残念坂                         

 府中城は現在の石岡小学校の入口に土塁が残されており、その名残を感じることができますが、この辺りは三の丸であり、二の丸、本丸と二重の堀があるとても大きな規模のものと推察されます。本丸の辺りは今は面影もありません。本丸のところは山(この辺りでは木々の生茂った林は山という)となっており、城山中と呼ばれておりました。

現在の石岡小学校の西側に宮部地区に下りる坂(他の資料では、若松町から若宮八幡宮まえを通り、染谷池袋に通じる道とのこと)があり、残念坂と呼ばれているそうです。それは、この府中城が落城したときのお話です。正平年間(1346〜1370)大掾詮国により築造されたといわれる府中城は、天正十八年(1590)十二月大掾清幹が佐竹義宣に攻められて落城するまで、何度も戦いにも耐えてきた不落の城でした。大掾氏最後の城主となった清幹(浄幹)はわずか5歳で城主となったが、回りを敵に囲まれ、敵味方も何度も変わる誰も信用できない状況で戦闘に明け暮れていたのです。

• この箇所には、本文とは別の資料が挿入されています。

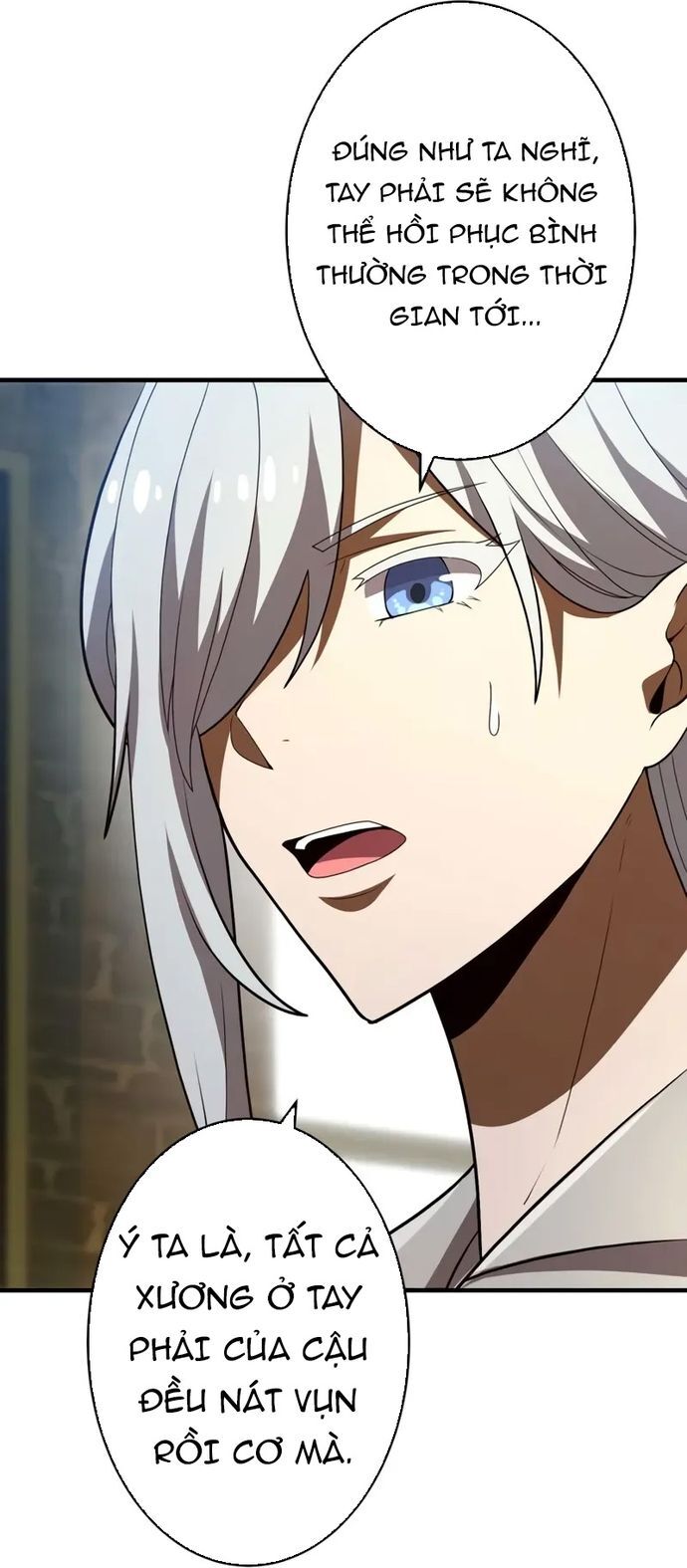 Hắc Ám Kiếm Sĩ Hồi Quy Chap 7 - Next Chap 8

 豊臣秀吉に常陸の領土を認められた佐竹軍は、水戸を制圧し、北から府中城を攻撃し城の清幹は完全に包囲されてしまったのである。抵抗したがついに力尽き城に自ら火を放って自刃したといわれている。

 しかし、清幹が城で自害したとの説とは別に、城を逃げ延びて市内にある平福寺(大掾氏の菩提寺、代々の墓がある)までたどりついたが、万策つきここで自害したとの説がある。

 ところで、宮部の残念坂には城を落ちのびた清幹がこの坂まで来てうしろを振り返り、燃えるわが城をながめて「嗚呼残念」と慨嘆したという伝承によるものといわれており、清幹の無念さを今でも感じるようである。

 しかし、この残念坂にも、別な説明が残っている。それは、落城の際に、敵のすきをぬって、一人の武将が馬にまたがり疾風のごとくごとく脱出し、染谷池袋へ通ずる宮部地内の坂道へ落ち延びてきたが、運悪く馬の脚が泥中に入り込み、一歩も進まず、ついに追手の矢の集中射撃をうけ、「ああ、残念!」と一言、ついに落命したことからこの坂を「残念坂」と言うようになったとの話である。

どちらが、長くその話が伝わるかといえば、前者ではあるが、本当は後者の話が本当かもしれません。